Thank you very much. I was able to download blast locally and configure the loc. file so now it is up and running. :) But another problem encountered when I'm trying to align a fasta file with 4mb, giving an error called blastn(708,0xa03ca1a8) malloc: *** mach_vm_map(size=1048576) failed (error code=3) *** error: can't allocate region *** set a breakpoint in malloc_error_break to debug Bus error: 10 I referred a bit and the only solution i could come across was that it is some kind of an error encountered when overloading the memory of a single thread. So I quit galaxy, jumped into the terminal and performed the same task with num_threads =16 (my mac pro got two quad cores with virtual dual cores : 2*4*2 =16) So far good. When examining the code in galaxy it was using a value called ${GALAXY_SLOTS:-4} to the num_thread argument yet I'm sure it only utilised a single core. Can I configure it to use all the 16 cores? Any advice please? PS: Since my new questions are out of track with my first question (blast+ wrapper with remote searching) do I need to start a new thread? Sorry if I'm doing anything wrong here. I'm just very new and novice. (got my appointment in the beginning of March right after my graduation , no body is familiar with bioinformatics here in Sri Lanka, so I'm struggling to make my move alone with the help of you all over the world ) On Thu, Mar 20, 2014 at 3:54 PM, Peter Cock <p.j.a.cock@googlemail.com>wrote:
On Thu, Mar 20, 2014 at 5:46 AM, Nilaksha Neththikumara <nilakshafreezon@gmail.com> wrote:
Thanks a lot for the information. :) I'm new to the field so get confused at times.
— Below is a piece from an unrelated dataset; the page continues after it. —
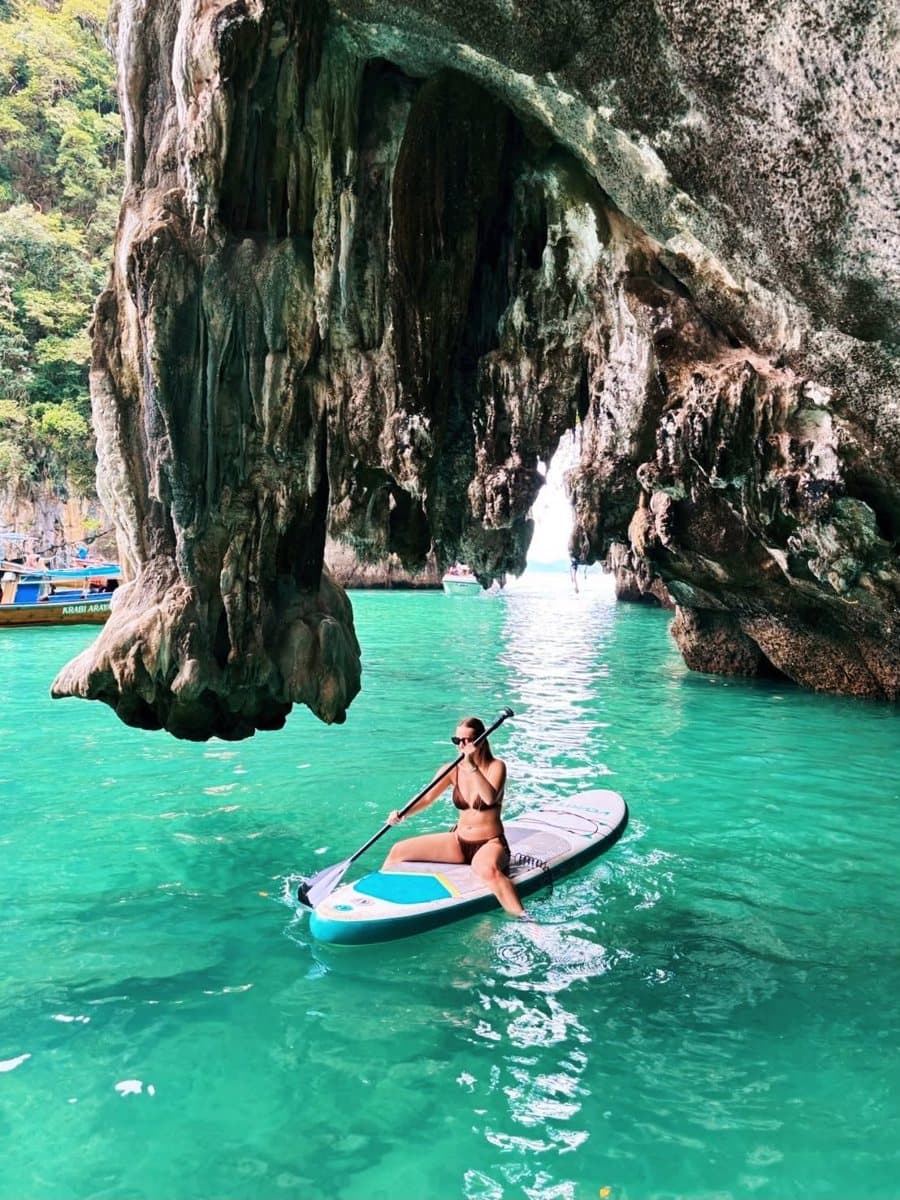 Guest on a paddle board beneath limestone rock formations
I started downloading the NCBI databases locally, but I have two questions.
1) There is no proper updating process for the locally installed NCBI databases. (according to my knowledge) So it seems I have to re download the database totally if I need to get them updated. And those databases are almost always being updating. (.sigh)
The NCBI provide a perl script update_blastdb.pl to automate this, usually run via cron on a regular basis (e.g. once a week). But yes, basically when the NCBI makes an update, the new files are just downloaded again.
Often your institute's Linux administrators would have setup a central shared copy of the NCBI BLAST databases to avoid duplication between researchers all making their own copies.
See ftp://ftp.ncbi.nlm.nih.gov/blast/db/README
If you want to have a single always (nearly) up to date copy of the NCBI BLAST databases, then your Galaxy blastdb.loc and blastdb_p.loc files just need to point there.
However, for full reproducibility the Galaxy approach would be to have multiple (data stamped) copies of the database, each with a separate entry in the *.loc file. This is more work to setup and maintain, and needs more disk space - but it does ensure you can rerun old BLAST searches and get the same results.
2) After installing databases, is there a particular way to let galaxy know where are my databases located? So that they can be included in the drop down menu of the blast+ wrappers for me to select :)
Thanks a lot in advance
Nilaksha Neththikumara.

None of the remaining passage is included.